Whether an employee is entitled to unemployment depends on whether the reason for his termination rises to the level of “misconduct” as that term is defined in Section 1256 of the Cal. Unemployment Insurance Code.  The Robles case explains that to rise to the level of misconduct, the conduct must be willful, volitional, and intentional.  Conduct may be harmful to the employer’s interests, and certainly justify termination, yet still not equate to misconduct under the Code.  In fact, the Court of Appeal found that given this employee’s lack of understanding of the shoe policy and his words of regret, that his actions did not rise to the level of misconduct, and that he was entitled to unemployment.
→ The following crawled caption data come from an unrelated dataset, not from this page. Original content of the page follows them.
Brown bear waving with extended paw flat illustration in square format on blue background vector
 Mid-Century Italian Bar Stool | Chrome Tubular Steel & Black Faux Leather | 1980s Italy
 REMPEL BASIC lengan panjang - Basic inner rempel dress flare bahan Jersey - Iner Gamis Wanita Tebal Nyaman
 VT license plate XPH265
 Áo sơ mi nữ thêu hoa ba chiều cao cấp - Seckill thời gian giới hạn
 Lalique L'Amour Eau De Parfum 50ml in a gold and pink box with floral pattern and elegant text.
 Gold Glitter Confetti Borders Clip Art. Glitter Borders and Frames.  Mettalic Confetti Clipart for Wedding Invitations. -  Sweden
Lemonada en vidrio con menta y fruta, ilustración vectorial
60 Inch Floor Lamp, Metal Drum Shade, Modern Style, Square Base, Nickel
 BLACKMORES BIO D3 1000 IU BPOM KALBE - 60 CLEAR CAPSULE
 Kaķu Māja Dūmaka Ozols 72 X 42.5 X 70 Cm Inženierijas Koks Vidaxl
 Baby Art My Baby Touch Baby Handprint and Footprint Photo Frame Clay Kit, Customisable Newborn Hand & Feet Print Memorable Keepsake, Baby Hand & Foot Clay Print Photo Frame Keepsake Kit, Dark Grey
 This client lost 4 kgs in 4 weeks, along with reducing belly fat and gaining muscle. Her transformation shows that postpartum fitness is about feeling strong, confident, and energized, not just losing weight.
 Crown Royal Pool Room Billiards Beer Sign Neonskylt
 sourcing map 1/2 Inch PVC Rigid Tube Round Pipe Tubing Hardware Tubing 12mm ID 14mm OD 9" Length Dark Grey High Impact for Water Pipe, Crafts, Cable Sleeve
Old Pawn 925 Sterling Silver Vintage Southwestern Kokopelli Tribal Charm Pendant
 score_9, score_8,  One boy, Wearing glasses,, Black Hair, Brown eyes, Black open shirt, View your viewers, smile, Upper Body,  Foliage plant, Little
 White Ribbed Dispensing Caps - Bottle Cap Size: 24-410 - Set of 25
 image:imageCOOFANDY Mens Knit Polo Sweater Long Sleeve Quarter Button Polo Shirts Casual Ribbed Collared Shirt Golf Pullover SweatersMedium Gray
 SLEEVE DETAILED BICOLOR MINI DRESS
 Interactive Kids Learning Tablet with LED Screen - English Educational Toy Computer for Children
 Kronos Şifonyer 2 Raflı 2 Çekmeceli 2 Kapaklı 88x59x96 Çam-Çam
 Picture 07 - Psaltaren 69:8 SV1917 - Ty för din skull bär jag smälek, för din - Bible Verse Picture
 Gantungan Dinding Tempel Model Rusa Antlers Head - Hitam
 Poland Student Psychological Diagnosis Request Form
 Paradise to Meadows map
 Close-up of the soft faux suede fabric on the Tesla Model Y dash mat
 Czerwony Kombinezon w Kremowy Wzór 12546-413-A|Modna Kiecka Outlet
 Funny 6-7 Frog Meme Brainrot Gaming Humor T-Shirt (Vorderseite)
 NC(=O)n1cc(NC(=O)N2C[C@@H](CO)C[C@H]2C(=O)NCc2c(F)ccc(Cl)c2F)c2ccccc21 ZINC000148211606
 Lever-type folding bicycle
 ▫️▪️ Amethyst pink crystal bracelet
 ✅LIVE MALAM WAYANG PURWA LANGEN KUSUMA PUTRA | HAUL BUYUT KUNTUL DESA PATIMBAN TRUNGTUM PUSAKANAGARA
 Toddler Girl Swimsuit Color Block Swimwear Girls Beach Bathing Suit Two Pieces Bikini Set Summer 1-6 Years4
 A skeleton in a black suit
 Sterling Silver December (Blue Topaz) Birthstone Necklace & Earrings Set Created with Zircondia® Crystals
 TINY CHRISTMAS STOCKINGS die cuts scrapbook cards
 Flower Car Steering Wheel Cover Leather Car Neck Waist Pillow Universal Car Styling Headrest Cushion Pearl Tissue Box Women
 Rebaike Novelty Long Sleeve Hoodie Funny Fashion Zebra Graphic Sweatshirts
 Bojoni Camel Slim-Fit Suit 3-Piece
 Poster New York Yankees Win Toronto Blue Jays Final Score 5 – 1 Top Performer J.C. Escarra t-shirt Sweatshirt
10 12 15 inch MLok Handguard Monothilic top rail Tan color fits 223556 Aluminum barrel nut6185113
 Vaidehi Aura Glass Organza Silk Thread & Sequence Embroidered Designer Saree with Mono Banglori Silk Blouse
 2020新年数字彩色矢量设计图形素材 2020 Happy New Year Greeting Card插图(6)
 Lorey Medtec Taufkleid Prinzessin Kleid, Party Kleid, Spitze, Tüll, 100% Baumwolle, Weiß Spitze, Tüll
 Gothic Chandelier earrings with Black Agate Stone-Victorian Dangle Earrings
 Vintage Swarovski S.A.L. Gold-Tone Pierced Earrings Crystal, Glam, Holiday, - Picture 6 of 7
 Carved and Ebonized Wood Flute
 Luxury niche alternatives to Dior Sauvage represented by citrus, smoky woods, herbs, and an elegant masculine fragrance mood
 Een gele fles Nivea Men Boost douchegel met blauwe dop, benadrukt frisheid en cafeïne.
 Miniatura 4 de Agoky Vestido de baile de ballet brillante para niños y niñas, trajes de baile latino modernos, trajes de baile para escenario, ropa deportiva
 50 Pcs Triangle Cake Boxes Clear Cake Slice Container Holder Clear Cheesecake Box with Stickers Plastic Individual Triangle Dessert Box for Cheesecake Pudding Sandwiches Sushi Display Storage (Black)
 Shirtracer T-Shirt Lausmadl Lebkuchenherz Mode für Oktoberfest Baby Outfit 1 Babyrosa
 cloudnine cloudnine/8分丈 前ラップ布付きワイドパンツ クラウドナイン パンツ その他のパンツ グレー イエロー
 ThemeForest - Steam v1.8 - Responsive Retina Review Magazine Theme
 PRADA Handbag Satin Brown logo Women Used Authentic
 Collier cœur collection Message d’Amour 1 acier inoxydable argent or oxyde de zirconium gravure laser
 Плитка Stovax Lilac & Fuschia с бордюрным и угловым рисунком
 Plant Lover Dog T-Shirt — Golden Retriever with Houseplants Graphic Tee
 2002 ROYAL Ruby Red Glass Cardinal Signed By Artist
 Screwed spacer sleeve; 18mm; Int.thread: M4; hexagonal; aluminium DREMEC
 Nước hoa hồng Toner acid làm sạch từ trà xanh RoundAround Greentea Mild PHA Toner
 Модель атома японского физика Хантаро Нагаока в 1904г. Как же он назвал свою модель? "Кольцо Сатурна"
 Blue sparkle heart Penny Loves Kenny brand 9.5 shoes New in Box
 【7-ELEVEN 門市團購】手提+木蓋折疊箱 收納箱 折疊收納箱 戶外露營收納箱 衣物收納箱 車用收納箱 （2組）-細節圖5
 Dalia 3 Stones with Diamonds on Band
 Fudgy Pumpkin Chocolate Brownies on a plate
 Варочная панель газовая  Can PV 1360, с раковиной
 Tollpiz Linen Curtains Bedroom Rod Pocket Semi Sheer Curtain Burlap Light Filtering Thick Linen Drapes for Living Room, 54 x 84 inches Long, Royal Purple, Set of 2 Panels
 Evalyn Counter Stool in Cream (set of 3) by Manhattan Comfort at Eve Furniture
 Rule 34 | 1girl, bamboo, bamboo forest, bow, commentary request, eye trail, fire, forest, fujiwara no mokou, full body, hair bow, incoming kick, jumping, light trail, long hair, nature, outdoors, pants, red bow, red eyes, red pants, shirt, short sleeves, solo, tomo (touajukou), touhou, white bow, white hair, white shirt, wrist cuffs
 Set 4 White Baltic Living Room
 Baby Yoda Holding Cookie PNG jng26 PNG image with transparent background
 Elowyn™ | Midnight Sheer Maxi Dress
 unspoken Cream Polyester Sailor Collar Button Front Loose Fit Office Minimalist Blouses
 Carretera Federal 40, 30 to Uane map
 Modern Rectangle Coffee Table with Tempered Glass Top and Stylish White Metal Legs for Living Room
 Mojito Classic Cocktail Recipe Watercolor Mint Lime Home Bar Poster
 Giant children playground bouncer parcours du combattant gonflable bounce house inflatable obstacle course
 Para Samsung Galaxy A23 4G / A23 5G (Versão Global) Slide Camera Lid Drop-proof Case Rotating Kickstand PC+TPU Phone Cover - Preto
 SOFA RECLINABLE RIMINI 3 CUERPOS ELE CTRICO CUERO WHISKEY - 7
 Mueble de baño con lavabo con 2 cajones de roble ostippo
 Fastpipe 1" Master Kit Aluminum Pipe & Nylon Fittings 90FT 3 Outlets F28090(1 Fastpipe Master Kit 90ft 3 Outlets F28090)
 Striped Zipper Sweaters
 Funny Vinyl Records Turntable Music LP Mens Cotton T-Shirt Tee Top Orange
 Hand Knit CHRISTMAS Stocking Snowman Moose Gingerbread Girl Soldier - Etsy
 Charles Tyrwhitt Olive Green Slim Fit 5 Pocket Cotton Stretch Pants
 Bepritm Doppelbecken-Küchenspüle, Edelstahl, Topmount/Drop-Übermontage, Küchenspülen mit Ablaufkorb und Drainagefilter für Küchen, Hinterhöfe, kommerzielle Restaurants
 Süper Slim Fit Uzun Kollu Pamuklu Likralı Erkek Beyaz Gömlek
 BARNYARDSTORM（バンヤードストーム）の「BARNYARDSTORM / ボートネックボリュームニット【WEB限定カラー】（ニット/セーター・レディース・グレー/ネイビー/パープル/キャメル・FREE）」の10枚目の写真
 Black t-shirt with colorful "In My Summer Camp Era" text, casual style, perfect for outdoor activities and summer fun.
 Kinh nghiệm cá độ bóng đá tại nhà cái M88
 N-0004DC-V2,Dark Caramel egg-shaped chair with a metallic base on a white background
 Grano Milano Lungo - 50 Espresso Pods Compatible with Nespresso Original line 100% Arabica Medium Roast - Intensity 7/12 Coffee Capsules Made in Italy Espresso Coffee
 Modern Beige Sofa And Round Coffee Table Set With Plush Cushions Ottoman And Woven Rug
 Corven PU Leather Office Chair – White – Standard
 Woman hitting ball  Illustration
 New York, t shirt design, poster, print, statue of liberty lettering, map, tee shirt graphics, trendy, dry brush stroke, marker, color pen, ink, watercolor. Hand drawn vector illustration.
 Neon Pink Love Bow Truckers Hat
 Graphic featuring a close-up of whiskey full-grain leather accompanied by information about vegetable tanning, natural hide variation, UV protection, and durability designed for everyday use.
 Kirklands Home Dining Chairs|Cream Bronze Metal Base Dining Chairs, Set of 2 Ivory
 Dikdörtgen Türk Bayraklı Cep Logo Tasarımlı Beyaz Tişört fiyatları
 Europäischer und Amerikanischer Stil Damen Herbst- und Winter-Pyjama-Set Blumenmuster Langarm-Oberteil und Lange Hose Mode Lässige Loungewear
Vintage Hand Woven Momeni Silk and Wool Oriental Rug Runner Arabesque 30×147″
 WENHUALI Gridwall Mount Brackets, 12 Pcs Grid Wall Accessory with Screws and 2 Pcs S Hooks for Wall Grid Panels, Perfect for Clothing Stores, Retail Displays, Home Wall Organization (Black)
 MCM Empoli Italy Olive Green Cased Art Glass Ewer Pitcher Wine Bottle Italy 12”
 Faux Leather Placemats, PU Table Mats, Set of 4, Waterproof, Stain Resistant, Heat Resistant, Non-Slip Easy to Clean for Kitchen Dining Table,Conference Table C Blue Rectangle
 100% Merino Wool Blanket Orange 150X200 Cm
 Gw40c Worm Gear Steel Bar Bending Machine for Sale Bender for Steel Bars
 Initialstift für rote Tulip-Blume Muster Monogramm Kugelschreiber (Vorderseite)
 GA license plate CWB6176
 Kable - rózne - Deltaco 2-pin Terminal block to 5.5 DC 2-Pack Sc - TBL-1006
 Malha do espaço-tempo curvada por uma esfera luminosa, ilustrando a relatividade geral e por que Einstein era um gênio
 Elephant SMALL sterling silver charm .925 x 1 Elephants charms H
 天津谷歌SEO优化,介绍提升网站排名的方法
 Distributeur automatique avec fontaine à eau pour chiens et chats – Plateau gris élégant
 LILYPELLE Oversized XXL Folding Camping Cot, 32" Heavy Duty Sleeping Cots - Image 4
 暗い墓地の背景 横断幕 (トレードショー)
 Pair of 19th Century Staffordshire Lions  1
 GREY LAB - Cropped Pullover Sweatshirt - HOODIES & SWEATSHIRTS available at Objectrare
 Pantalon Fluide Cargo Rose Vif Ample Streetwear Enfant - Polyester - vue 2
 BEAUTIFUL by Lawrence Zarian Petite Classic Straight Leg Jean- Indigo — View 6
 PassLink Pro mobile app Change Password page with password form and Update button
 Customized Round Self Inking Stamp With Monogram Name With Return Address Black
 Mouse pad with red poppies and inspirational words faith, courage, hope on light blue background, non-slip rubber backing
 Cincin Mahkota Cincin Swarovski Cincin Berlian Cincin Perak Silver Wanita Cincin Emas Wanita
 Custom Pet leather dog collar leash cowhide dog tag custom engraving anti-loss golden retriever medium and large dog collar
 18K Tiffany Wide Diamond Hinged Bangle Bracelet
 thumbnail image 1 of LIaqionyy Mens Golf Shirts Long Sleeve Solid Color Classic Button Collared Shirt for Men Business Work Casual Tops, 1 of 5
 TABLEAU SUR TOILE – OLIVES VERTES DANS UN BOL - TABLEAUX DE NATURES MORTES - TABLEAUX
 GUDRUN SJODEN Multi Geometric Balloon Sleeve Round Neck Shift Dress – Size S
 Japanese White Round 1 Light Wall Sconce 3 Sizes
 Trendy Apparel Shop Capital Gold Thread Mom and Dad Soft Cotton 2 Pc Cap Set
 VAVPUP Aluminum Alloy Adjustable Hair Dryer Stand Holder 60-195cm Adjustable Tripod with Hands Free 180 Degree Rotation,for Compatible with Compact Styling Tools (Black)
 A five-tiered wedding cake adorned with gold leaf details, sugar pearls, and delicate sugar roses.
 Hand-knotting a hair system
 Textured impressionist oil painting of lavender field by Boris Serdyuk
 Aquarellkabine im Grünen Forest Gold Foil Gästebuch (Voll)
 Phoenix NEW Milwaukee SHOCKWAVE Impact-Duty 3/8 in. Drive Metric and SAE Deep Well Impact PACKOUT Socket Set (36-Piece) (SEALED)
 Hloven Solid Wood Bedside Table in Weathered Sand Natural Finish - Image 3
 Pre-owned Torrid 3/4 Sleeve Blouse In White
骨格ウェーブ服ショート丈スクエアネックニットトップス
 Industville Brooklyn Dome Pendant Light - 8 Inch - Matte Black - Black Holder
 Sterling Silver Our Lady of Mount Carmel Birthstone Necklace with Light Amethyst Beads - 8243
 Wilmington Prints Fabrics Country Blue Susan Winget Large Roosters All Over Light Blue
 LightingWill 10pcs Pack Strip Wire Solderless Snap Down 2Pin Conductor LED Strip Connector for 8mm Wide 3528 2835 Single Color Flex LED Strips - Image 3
The Court also explains that circumstantial evidence can be used to prove intent, such as multiple warnings to an employee about a particular type of policy violation.  Therefore, if you have proof that the employee knew of the applicable policy and intentionally disregarded it, then the misconduct standard may be met.  Even so, it is important to keep in mind that many (if not most) terminations will not result in the denial of unemployment.  Moreover, fighting an unemployment claim and losing it, may result in the disgruntled ex-employee feeling vindicated – indeed, just vindicated enough to sue you.

The lessons here? (1) Think twice before fighting a losing battle; and (2) don’t underestimate the power of an apology.